• Problem to solve
From the first line to the last, repeat the data exactly and drop the pictures.

• Raw data
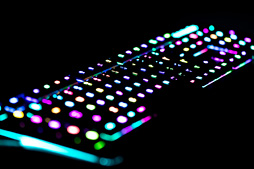 画像ギャラリー No.041のサムネイル画像 / SteelSeries製キーボード「Apex M800」レビュー。独自のメカニカルキースイッチ「QS1」は，ゲームプレイに何をもたらすか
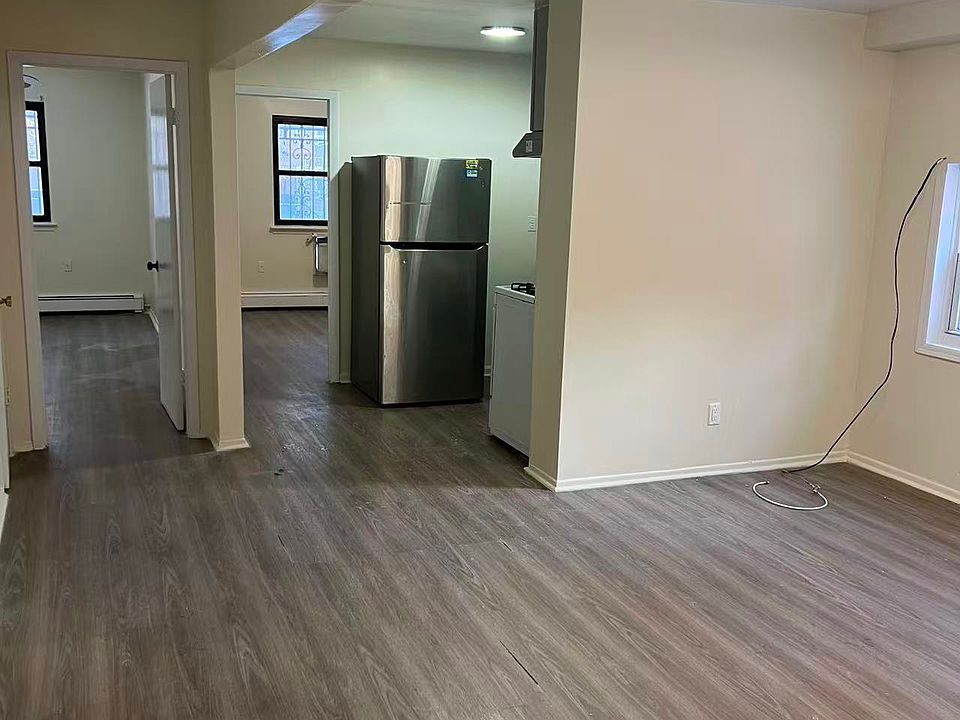 1st image of 84-67 Daniels St Floor 1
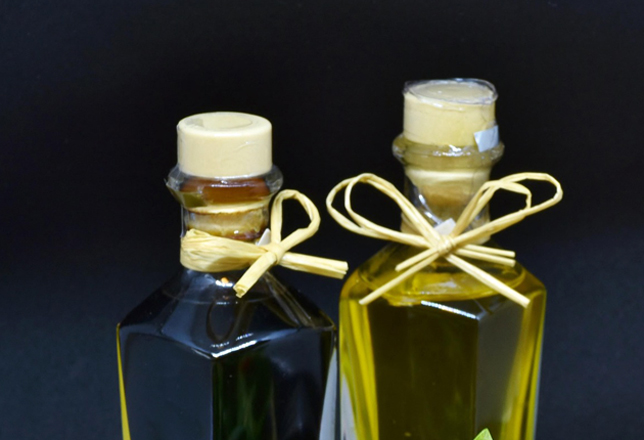 Ecetes és olajos butella - ételízesítők (Fotó: Pixabay/RitaE)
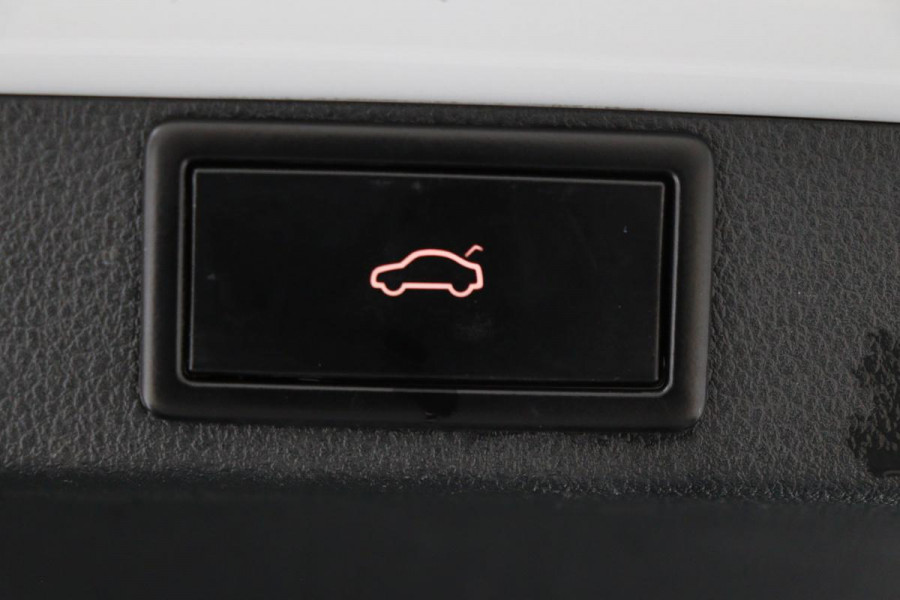 Škoda Octavia 1.0 e-TSI Sport | Carplay | Trekhaak | Sportstoelen | Full LED | Sfeerverlichting | Navigatie | Climate control | Parkeerhulp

• Task result
 画像ギャラリー No.041のサムネイル画像 / SteelSeries製キーボード「Apex M800」レビュー。独自のメカニカルキースイッチ「QS1」は，ゲームプレイに何をもたらすか
 1st image of 84-67 Daniels St Floor 1
 Ecetes és olajos butella - ételízesítők (Fotó: Pixabay/RitaE)
 Škoda Octavia 1.0 e-TSI Sport | Carplay | Trekhaak | Sportstoelen | Full LED | Sfeerverlichting | Navigatie | Climate control | Parkeerhulp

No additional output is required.